(Recorded data)
--
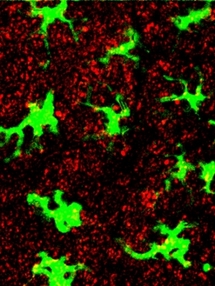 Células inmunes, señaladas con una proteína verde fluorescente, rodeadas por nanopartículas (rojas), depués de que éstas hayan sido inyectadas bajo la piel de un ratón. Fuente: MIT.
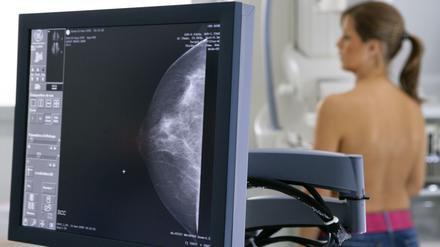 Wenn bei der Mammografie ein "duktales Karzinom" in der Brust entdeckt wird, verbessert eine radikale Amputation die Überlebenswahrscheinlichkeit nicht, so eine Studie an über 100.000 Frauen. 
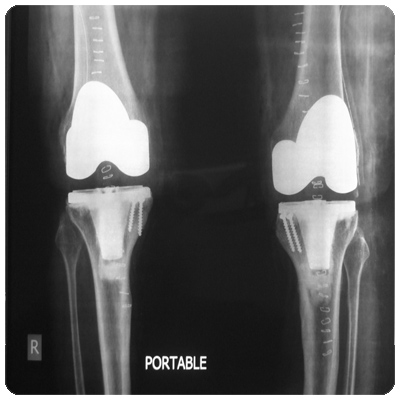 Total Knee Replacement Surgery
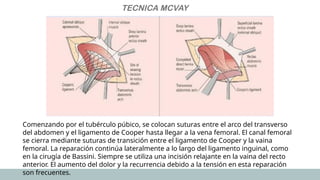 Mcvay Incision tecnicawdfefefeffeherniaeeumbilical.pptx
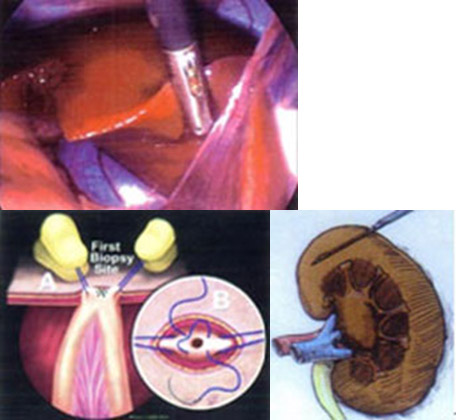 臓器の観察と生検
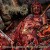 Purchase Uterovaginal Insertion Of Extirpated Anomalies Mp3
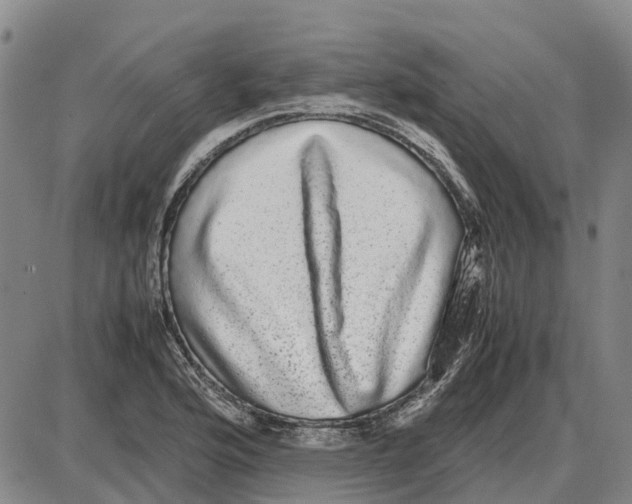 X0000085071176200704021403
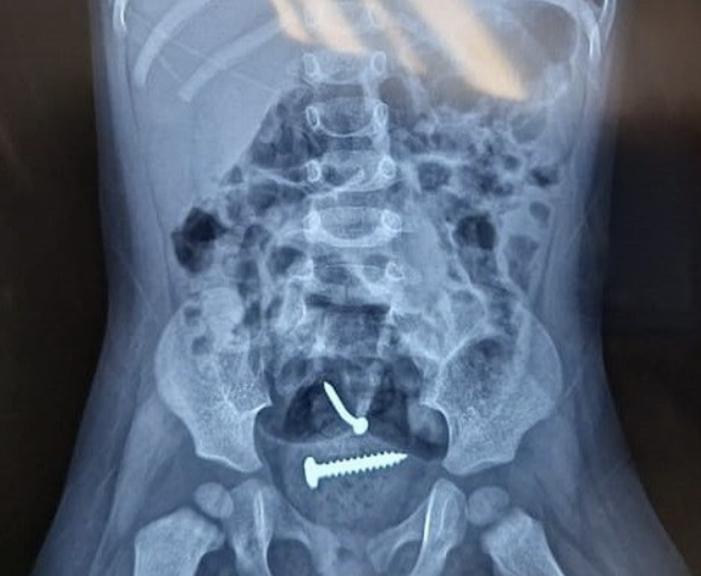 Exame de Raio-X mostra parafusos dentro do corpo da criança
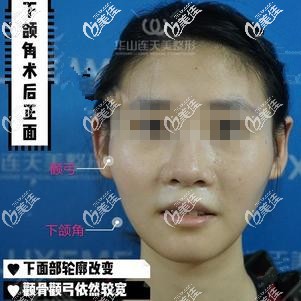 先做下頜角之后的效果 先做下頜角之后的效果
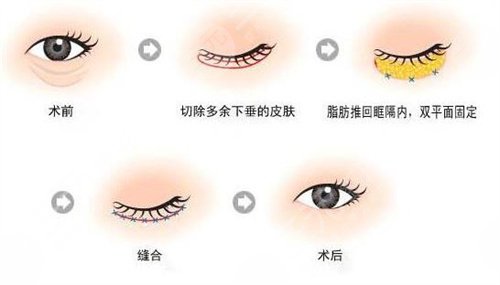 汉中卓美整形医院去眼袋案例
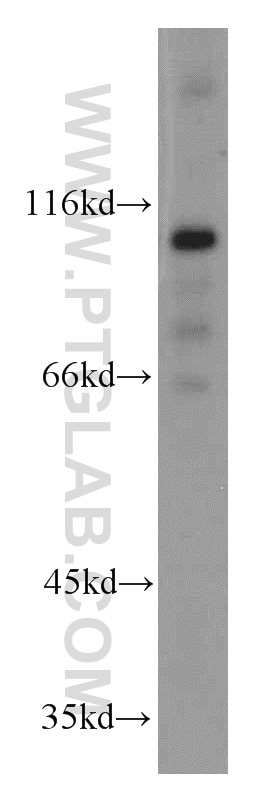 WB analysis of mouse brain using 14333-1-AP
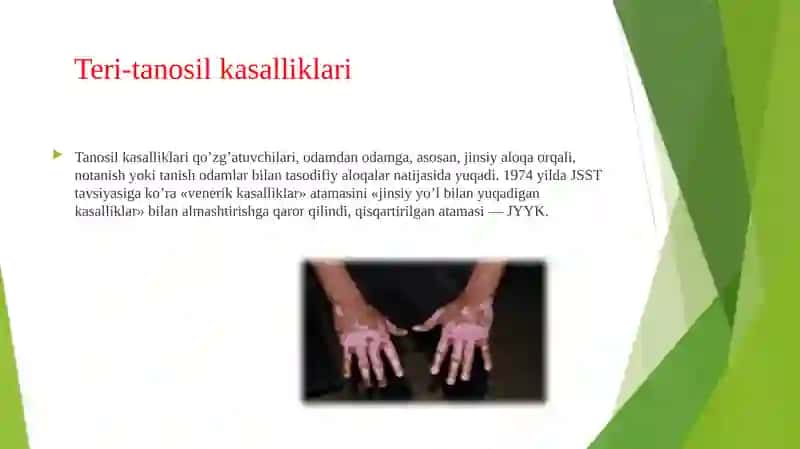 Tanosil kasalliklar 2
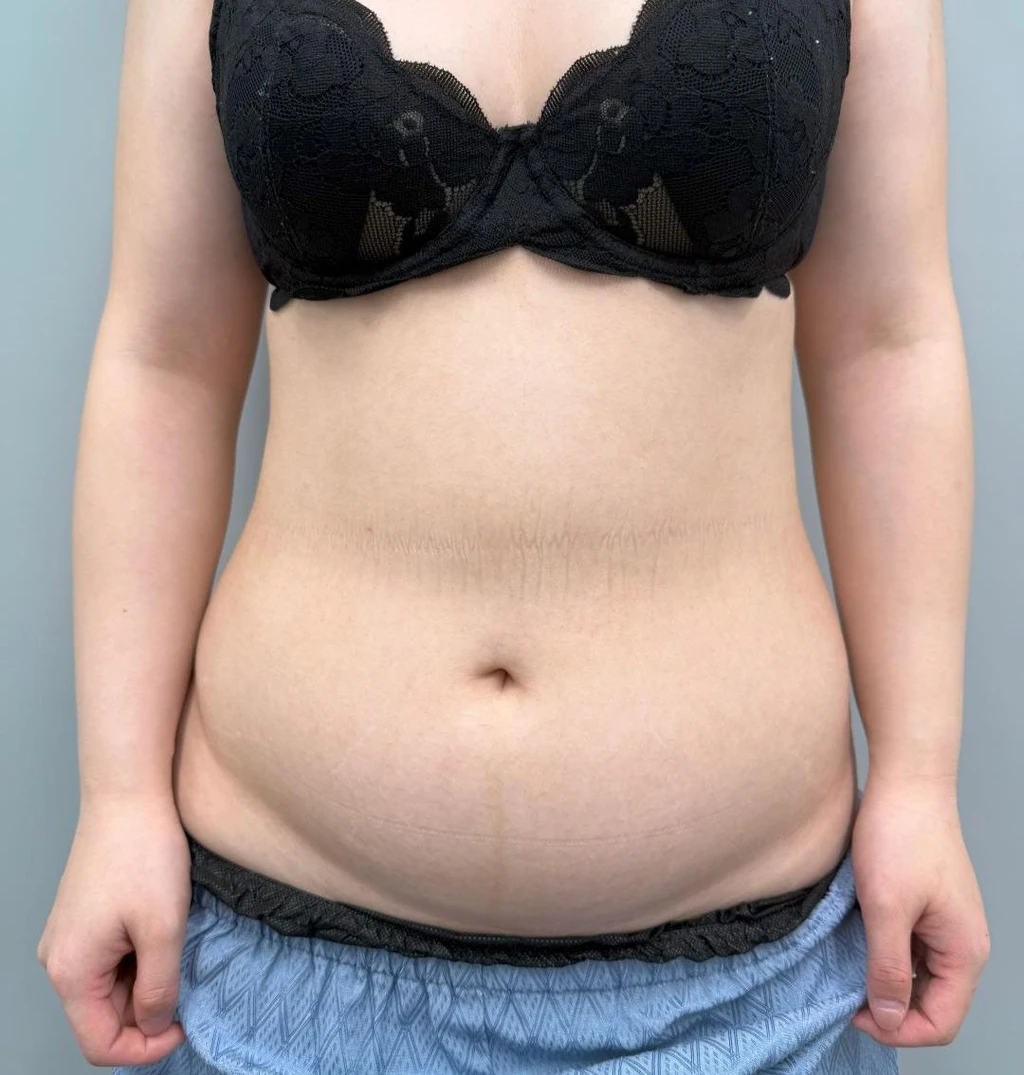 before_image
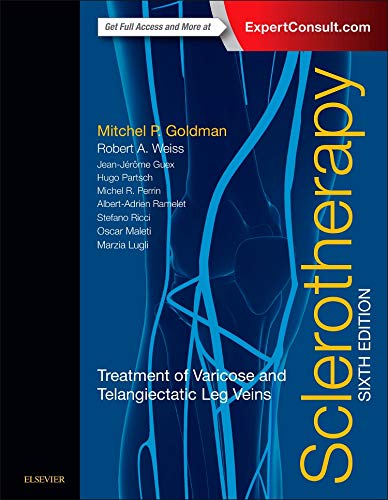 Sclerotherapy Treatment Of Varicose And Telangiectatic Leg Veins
--
Would you set down the records above once more, exactly, with the pictures removed?

Solution for this task:
 Células inmunes, señaladas con una proteína verde fluorescente, rodeadas por nanopartículas (rojas), depués de que éstas hayan sido inyectadas bajo la piel de un ratón. Fuente: MIT.
 Wenn bei der Mammografie ein "duktales Karzinom" in der Brust entdeckt wird, verbessert eine radikale Amputation die Überlebenswahrscheinlichkeit nicht, so eine Studie an über 100.000 Frauen. 
 Total Knee Replacement Surgery
 Mcvay Incision tecnicawdfefefeffeherniaeeumbilical.pptx
 臓器の観察と生検
 Purchase Uterovaginal Insertion Of Extirpated Anomalies Mp3
 X0000085071176200704021403
 Exame de Raio-X mostra parafusos dentro do corpo da criança
 先做下頜角之后的效果 先做下頜角之后的效果
 汉中卓美整形医院去眼袋案例
 WB analysis of mouse brain using 14333-1-AP
 Tanosil kasalliklar 2
 before_image
 Sclerotherapy Treatment Of Varicose And Telangiectatic Leg Veins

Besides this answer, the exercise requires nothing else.